Pig farmers are apparently eager for the day when they can begin
raising Enviropigs, saying they represent a particularly promising
solution to the phosphorus problem. Some independent experts
also think Enviropig is a solid bet. Dr. Joann Whalen a soil expert
at McGill University in Montreal, Canada, thinks Enviropig is even
better than a non-biotech solution to the phosphorus problem that
she helped develop. Whalen found that mixing limestone in with
hog manure could net a 50 percent reduction in phosphorus
content. But, she says, this method is expensive and impractical,
as the limestone has to be trucked in to farms and requires
extensive manpower to spread.

"It's dealing with the problem after the fact," Whalen concedes.
"[Enviropig] is definitely a much better approach -- it's more cost
effective to have a pig that excretes less phosphorus."

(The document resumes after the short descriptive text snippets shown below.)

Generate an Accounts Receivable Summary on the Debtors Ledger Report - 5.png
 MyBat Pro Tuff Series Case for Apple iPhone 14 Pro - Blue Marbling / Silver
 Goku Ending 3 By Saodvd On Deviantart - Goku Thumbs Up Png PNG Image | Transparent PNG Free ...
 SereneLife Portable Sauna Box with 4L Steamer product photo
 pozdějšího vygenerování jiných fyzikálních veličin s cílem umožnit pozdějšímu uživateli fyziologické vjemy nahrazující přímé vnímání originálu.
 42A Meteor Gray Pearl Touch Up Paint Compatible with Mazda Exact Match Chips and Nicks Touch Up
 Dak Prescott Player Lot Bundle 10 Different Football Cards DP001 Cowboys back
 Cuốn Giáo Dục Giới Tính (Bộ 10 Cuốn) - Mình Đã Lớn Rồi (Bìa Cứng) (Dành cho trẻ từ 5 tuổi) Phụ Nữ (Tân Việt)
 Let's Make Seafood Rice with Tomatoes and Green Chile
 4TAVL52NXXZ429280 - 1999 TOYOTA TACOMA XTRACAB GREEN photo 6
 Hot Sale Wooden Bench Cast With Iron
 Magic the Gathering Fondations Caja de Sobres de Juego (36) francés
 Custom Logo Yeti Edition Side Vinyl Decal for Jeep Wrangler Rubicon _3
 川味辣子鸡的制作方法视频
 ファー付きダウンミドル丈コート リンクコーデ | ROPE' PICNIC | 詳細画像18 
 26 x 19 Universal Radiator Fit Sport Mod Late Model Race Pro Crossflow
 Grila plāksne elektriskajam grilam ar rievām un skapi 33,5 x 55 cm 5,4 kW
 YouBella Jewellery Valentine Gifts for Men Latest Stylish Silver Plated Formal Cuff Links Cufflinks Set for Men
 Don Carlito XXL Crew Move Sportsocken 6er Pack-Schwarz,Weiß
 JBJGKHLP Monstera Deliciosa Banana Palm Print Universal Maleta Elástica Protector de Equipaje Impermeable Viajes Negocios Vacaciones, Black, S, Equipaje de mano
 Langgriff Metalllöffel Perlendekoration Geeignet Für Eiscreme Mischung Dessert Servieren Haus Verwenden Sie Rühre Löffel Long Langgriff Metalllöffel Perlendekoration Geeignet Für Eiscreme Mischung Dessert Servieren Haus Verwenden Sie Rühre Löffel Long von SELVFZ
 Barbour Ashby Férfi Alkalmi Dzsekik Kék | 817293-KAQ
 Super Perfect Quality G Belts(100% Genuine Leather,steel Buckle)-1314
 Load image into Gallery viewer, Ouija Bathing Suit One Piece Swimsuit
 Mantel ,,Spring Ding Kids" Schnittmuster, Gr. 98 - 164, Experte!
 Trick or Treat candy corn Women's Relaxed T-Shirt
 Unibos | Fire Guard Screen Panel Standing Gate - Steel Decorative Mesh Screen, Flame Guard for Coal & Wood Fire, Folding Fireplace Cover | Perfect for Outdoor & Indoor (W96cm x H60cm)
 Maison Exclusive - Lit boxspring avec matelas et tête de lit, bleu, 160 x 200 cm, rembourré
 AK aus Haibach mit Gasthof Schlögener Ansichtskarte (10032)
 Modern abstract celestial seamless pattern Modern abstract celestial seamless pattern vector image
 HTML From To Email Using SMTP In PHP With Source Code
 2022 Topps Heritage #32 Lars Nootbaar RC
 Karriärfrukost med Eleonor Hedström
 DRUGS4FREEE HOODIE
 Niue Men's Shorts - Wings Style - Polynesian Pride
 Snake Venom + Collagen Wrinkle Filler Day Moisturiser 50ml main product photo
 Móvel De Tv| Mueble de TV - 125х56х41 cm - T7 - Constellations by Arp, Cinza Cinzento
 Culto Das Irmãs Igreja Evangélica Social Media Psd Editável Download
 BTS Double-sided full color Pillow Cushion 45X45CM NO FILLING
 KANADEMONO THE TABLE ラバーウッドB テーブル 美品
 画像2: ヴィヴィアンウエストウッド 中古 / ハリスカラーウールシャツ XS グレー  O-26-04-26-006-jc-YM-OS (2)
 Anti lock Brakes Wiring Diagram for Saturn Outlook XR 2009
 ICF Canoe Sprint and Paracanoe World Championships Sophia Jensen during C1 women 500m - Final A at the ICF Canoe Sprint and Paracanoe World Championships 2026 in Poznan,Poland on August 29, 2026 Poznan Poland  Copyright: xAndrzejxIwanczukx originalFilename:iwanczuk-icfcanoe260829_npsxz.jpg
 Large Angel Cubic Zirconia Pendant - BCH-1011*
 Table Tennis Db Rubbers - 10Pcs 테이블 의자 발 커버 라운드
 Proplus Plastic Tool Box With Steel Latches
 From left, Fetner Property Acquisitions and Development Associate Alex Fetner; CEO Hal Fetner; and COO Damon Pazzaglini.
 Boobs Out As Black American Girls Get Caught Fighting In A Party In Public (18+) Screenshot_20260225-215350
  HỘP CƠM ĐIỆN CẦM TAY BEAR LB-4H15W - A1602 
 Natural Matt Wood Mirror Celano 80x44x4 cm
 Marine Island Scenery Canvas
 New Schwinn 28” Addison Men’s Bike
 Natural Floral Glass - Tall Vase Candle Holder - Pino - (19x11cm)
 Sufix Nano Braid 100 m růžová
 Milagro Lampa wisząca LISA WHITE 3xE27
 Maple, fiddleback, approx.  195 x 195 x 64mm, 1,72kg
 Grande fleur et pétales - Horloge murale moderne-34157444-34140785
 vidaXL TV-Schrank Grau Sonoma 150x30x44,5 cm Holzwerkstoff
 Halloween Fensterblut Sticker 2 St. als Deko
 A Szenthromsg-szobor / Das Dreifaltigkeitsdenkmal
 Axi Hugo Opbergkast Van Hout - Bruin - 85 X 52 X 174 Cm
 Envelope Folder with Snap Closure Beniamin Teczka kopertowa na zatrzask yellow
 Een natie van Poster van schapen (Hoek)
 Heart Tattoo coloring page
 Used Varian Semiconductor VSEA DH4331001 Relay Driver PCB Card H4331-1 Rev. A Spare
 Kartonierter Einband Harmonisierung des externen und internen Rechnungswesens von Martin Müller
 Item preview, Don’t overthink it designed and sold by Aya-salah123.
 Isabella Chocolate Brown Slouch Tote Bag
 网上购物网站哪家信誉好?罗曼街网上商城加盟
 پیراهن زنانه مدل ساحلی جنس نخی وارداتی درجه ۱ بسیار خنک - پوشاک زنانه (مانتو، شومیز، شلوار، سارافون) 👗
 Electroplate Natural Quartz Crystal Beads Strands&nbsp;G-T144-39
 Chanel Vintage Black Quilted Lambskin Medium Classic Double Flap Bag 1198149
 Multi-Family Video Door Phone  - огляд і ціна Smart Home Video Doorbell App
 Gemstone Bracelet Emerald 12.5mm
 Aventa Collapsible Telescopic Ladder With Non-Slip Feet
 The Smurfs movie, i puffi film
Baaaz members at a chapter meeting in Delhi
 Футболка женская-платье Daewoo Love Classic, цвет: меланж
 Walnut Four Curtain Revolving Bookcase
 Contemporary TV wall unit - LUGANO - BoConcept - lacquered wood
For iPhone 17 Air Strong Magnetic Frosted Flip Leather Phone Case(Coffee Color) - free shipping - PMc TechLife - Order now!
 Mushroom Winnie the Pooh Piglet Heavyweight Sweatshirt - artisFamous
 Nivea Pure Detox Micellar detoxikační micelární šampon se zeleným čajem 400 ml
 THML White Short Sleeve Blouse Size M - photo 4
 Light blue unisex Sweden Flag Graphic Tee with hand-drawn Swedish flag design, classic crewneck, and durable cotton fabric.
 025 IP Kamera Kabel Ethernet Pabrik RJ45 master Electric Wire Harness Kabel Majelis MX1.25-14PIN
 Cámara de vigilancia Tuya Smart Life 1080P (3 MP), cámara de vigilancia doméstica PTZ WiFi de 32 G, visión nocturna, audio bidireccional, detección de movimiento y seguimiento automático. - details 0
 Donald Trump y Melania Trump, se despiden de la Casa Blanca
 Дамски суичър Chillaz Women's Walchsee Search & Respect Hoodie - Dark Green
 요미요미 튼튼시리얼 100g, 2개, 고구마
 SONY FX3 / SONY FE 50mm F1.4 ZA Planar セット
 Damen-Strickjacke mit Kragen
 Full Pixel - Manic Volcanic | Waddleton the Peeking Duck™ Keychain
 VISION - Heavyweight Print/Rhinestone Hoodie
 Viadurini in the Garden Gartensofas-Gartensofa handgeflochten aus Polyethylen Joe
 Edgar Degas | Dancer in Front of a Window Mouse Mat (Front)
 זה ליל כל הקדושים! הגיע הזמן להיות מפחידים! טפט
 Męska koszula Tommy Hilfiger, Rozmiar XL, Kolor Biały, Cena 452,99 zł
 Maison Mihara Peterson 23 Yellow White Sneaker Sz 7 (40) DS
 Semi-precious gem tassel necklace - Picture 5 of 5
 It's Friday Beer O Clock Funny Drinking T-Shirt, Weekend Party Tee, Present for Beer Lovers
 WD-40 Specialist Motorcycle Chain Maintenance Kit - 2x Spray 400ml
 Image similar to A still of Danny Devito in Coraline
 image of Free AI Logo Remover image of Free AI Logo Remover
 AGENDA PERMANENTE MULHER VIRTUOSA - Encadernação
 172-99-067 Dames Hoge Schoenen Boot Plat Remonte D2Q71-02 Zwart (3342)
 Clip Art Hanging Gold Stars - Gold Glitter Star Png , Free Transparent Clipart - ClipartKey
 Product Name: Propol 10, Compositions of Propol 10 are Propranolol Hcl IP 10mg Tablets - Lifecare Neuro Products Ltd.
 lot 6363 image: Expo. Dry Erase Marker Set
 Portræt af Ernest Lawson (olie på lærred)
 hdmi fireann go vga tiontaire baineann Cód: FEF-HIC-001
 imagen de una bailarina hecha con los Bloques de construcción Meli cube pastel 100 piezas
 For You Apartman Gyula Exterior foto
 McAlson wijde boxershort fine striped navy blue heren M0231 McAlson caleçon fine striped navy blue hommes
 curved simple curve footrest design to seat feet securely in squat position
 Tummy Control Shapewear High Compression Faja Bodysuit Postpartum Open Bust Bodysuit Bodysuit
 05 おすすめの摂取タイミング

Still, for virtually all major environmental groups, the matter boils
down to the fact that they oppose the introduction of genetically-
engineered organisms into the environment.

"The GMO issue is a deal breaker," says Melanie Shepherdson
Flynn, an attorney with National Resource Defense Council's Clean
Water Project. "It's an extreme solution without knowing what the
result will be."

If Enviropig passes regulatory muster, the rights to the technology
will be sold to pig breeders. But given the charged debate
developing around it, Enviropig's path to the dinner table remains
questionable.

"It's a technology that adds a great deal of value," says Schlegel.
"But we're not interested in seeing the technology commercialized
if the public is not interested in genetically modified foods."